-------- Data provided --------
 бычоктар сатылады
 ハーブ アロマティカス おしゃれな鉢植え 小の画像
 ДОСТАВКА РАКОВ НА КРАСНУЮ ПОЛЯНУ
--------
* **Task goal**:
Print out all the material above, unaltered.

* **Answer space**:
 бычоктар сатылады
 ハーブ アロマティカス おしゃれな鉢植え 小の画像
 ДОСТАВКА РАКОВ НА КРАСНУЮ ПОЛЯНУ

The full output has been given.